Being funny isn’t “presidential.”
But once per year since 1920, presidents have cracked jokes to an audience and listened to their own roasts at the White House Correspondents’ Dinner. This year, President Obama’s speech at the dinner was laden with jokes mocking his challengers for the presidency, which enabled him to campaign by subtly trivializing issues, many espoused by major candidates, that aren’t worth more than a laugh.
The correspondents’ dinner is organized by the White House Correspondents’ Association, a body of journalists who represent the interests of the reporters and new organizations covering activities in the executive branch. The dinner is attended by employees of these news organizations, as well as by members of the executive branch, potential candidates, and party officials. Presidents attend the dinner to maintain healthy relationships with the people who report on them.
Obama used it as a stump speech, albeit a differently styled speech than the standard campaign fare.
Some issues in political discourse are so trivial that politicians don’t want to discuss them for fear of lending them credence. The old practice was to ignore these issues to avoid lending them legitimacy, but in the age of the blogosphere, 24-hour news cycles, and ideological talk-show hosts, avoiding these issues doesn’t work.
The “birther” movement was just such a topic. Since 2007, a dedicated group of individuals has challenged Obama’s citizenship with a complete lack of evidence, and avoiding the issue only made the birthers louder. The unique thing about the correspondents’ dinner is that it’s acceptable for the president to trivialize issues, which allowed him to directly address the birthers without raising their profile.
The birth-certificate issue never should have been a serious one. At the correspondents’ dinner, it was given its rightful place in the public discourse: the butt of jokes. Obama came to the podium to a montage of famous movie scenes and a large flashing copy of the president’s “long-form” birth certificate, and he made various jokes about prominent birthers and about Fox News.
Obama used the dinner as an opportunity to assault public birther Donald Trump’s legitimacy.
Trump’s face said it all. During the jokes aimed at him, he scowled, not once cracking a smile under heavy mockery. During most of the speech he delivered, Obama was smiling — but during the jokes about Trump his face was stern. Later, Obama made a joke about Michele Bachmann being born in Canada, saying, “this is how it starts, Michele.” When he delivered the lines about Trump and Bachmann, Obama seemed to have the air of a family patriarch disciplining unruly youngsters. His goal: presenting himself as the adult in the situation. And it was successful.
Later, Trump responded to the president on a phone interview with Fox, saying he felt he was targeted because he was polling so well. (A classic case of Donald Trump proclaiming victory for himself, which only works in the media game — he can’t proclaim himself the president.)
Obama’s speech at the dinner raised a point that Iowans should consider in the upcoming caucuses.

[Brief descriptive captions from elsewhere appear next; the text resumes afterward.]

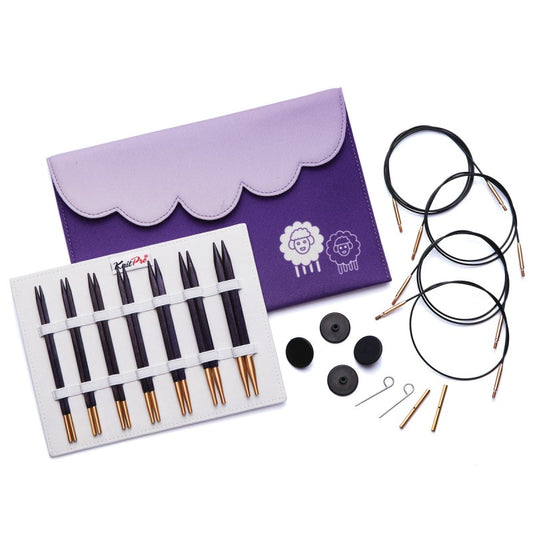 Set de agujas de tejer KnitPro J'adore deluxe 13 cm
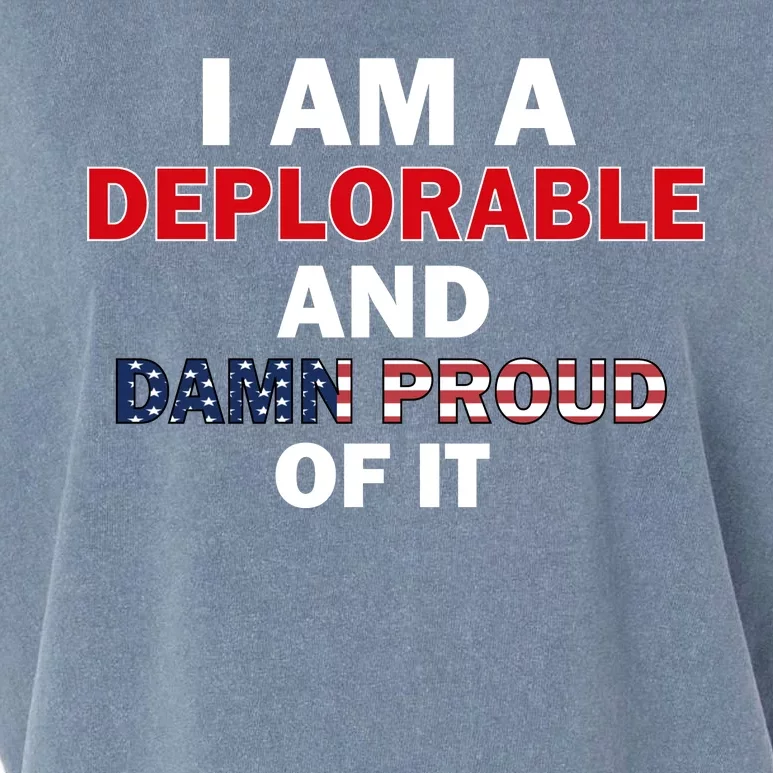 I Am Deplorable And I'm Proud Garment-Dyed Women's Muscle Tee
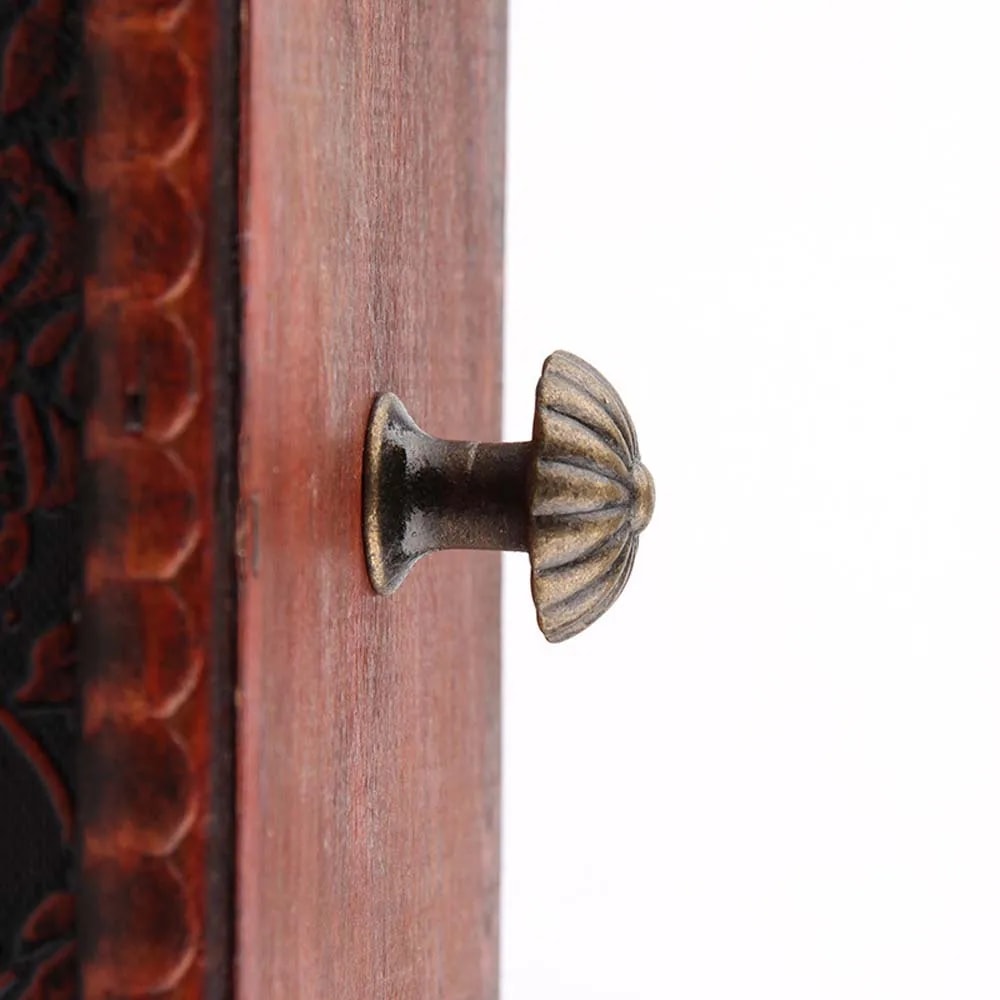 Vintage Wooden Drawer Handles Set Antique Cabinet Knobs for Furniture Upgrade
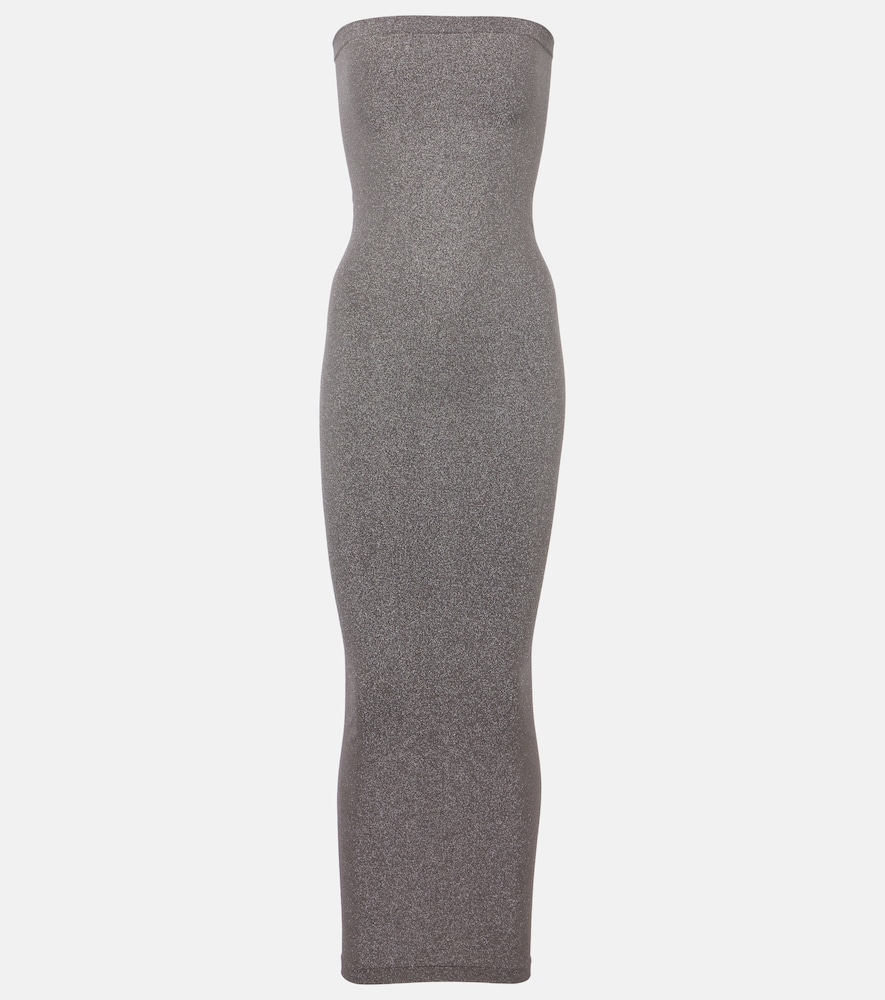 Fading Shine strapless midi dress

Near the end of the speech, Obama made several serious remarks about soldiers fighting abroad and the victims of the natural disasters in Alabama. These remarks bring to light the fact that issues have no place in our political discourse, and in the upcoming caucuses, Iowans should keep that in mind.
Candidates will be trying to gain an edge any way they can, and the attacks on Obama will be fast and numerous. Many of them will address real flaws that the president has. Many of them will simply be hot air. Iowa voters need to differentiate between the issues that matter and baseless attacks to win political points, because fixing those problems is no laughing matter.